Oil Collapse Leads to Food Lines, Blackouts and Rising Tension

Under other circumstances, Jonny Lopez might have been happy that he was losing weight. “I’ve been running around the city so much, looking for food, that I’ve lost 20 pounds,” said the father of two.

Standing in line has become a routine as he tries to buy food for his family and supply a fast-food stand that he runs in their neighborhood. “The longest line was 11 hours once, to buy a package of cornmeal, a little milk, rice and meat,” he said, adding that the money he and his wife earn does not cover necessities. “The money we used to spend on a week’s groceries now buys just a small bag of things,” Lopez said. “The Venezuelan people are dying of hunger.”


The downturn in global oil prices in 2015 sent Venezuela’s oil-dependent economy into free fall, immersing the country in an unprecedented crisis marked by shortages of food and medicine and now growing social unrest. Embattled President Nicolás Maduro has blocked opposition efforts to force a recall election and has called out the military to help maintain control.
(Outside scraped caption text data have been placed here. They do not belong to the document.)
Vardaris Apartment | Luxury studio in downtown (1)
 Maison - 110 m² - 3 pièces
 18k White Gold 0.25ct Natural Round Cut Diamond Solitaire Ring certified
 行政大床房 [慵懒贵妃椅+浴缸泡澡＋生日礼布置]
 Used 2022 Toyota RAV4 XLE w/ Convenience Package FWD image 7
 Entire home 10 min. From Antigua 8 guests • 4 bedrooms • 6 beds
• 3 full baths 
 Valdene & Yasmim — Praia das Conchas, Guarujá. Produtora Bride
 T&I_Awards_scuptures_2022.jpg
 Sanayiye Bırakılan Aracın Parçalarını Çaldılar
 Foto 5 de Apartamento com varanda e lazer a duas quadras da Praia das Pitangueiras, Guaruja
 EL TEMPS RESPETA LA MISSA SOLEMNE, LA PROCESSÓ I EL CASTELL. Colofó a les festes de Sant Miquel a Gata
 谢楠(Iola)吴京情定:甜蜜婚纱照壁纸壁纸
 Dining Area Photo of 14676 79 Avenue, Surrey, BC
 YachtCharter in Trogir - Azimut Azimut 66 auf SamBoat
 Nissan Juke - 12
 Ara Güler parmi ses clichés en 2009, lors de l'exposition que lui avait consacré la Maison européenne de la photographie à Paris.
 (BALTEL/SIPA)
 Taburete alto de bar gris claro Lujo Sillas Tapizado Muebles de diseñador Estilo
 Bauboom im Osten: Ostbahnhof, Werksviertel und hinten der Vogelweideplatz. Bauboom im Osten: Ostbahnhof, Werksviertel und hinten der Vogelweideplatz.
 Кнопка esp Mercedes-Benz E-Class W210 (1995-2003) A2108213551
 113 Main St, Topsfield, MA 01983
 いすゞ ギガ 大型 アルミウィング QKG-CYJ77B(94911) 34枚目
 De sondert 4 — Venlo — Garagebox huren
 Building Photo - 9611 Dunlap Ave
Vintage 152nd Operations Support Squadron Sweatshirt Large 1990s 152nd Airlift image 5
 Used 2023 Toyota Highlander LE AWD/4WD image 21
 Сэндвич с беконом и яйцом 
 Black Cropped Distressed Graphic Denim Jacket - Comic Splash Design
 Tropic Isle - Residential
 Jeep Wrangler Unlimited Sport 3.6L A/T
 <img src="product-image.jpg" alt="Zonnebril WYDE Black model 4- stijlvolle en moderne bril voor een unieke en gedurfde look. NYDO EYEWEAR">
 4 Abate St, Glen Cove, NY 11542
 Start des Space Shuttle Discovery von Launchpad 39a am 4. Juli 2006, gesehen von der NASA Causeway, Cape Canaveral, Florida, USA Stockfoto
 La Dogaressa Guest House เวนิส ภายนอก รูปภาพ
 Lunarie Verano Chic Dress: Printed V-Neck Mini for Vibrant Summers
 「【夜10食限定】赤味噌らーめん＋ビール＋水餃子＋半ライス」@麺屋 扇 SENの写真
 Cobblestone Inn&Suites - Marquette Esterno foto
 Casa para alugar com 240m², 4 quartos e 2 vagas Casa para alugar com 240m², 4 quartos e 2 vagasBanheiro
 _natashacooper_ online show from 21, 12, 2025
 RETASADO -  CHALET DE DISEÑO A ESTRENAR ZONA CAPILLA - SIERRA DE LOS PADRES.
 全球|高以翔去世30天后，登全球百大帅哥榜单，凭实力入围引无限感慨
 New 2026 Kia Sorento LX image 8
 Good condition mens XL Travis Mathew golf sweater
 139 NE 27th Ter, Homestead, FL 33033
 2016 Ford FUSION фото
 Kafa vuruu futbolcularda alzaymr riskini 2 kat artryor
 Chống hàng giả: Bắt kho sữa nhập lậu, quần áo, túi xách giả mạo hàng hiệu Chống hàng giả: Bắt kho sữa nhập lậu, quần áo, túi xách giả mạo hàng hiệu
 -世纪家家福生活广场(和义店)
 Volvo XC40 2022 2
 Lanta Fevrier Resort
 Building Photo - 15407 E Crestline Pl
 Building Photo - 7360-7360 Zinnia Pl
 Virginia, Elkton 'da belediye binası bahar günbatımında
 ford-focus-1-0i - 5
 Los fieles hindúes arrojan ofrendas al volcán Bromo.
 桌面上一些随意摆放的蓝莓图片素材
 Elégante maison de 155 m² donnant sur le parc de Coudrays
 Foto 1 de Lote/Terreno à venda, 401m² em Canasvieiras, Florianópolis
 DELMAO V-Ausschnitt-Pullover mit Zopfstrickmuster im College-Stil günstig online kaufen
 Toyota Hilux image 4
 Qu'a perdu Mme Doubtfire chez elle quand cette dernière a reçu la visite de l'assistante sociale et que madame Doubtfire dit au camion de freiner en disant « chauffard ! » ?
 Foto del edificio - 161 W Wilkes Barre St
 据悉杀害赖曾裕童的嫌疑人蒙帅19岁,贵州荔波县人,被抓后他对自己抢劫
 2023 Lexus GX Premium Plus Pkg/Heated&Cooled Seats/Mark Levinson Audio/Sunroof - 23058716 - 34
Barquisimeto, the city where Lopez and his wife, Aura Gallardo, live with their two daughters, Aurimar, 13, and Marijose, 3, is the fourth-largest in Venezuela. In their parish and within their own families, they feel the sharp polarization between Chavistas—Maduro supporters who take their name from former President Hugo Chavez—and opponents of the government.

“We never talk about politics in the parish because there are people on both sides, and I have seen families destroyed by the conflict,” said Gallardo. She and Lopez said they are disillusioned with the government but have little enthusiasm for the political opposition, which claims to have collected more than a million signatures to recall Maduro. 

Fear is palpable everywhere.

Besides hunger, violence has increased throughout the country, especially in her family’s neighborhood.

“In the Venezuelan Caritas offices, we survive on what the faithful and some companies donate, but we’re receiving almost nothing now,” said Yaneth Marquez, coordinator of Caritas Venezuela. “We’ve had to cut our nutrition and health care programs in half.”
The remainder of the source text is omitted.